# 2022 Grand River Fish Ladder Updates



## slowpaya (Oct 23, 2011)

the upper river i like to fish has the best run of kings seen in 15 or more years.good sized fish
took my stepson(clean a year)out in a new pair of hipboots,ahem,and got him into his first salmon.he got a couple,one large hen over 20 that came with a fresh run of bruisers,think 25 plus.
cooler waters keeping these fish in good shape longer.was just fiddling around, taking care and watching the kid,running him stringers,bags,etc
tried something different,a mepps aglia with a rubber minnow with 2 tandem trebles,hahaha
drifting thru runs ,pockets n this guy hits it,is mad,and the hook pulls.he was big,he was fresh,and he came back to 8-10 ft right in front of me and just sat there.well,pulled out a lil line and on the second drift he nailed it.the drag wasnt really set for close quarters,neither was I,he started displacing water in a furious manner and the lure pulled.granted the drag was a bit tight,but on closer inspection the trebles 6 pnts were all bowed out.think this might be more of a bass /walleye lure?most enjoyable fish of the day for me


----------



## Fishndude (Feb 22, 2003)

slowpaya said:


> the upper river i like to fish has the best run of kings seen in 15 or more years.good sized fish
> took my stepson(clean a year)out in a new pair of hipboots,ahem,and got him into his first salmon.he got a couple,one large hen over 20 that came with a fresh run of bruisers,think 25 plus.
> cooler waters keeping these fish in good shape longer.was just fiddling around, taking care and watching the kid,running him stringers,bags,etc
> tried something different,a mepps aglia with a rubber minnow with 2 tandem trebles,hahaha
> drifting thru runs ,pockets n this guy hits it,is mad,and the hook pulls.he was big,he was fresh,and he came back to 8-10 ft right in front of me and just sat there.well,pulled out a lil line and on the second drift he nailed it.the drag wasnt really set for close quarters,neither was I,he started displacing water in a furious manner and the lure pulled.granted the drag was a bit tight,but on closer inspection the trebles 6 pnts were all bowed out.think this might be more of a bass /walleye lure?most enjoyable fish of the day for me


Nice report.
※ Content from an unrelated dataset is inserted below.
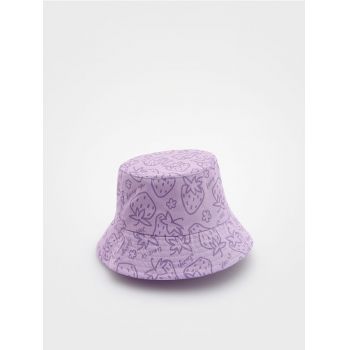 Reserved - Pălărie bucket cu model - lavand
Don't bring a knife to a gunfight, lol.


----------



## slowpaya (Oct 23, 2011)

yeah...know better,but noticed a few small flying fish in the area and it was the only thing close to them.it was for sh!ts and giggles anyway,it worked just fine
oct 15
lot of fish seem to have disappeared,theywill be back... coho on spinner,king on cleo,males,kinda dark but clean(as in no fungi,open wounds,dog teeth or zombie eyes)


----------



## wilsonm (Dec 28, 2010)

The upper ladders were checked and cleaned yesterday. Still a good amount of coho's in Webber, but getting colored up. Stopped by 6th street early this morning. About 15 to 20 guys out there wading and fishing from shore. Didn't stay very long to check to see if fish were using the ladder or not, but expect a push of steelhead with the east blows earlier this week.


----------



## wilsonm (Dec 28, 2010)

We closed Webber, Portland, and Grand Ledge fish ladders for the winter as usual. We will open them back up in March.


----------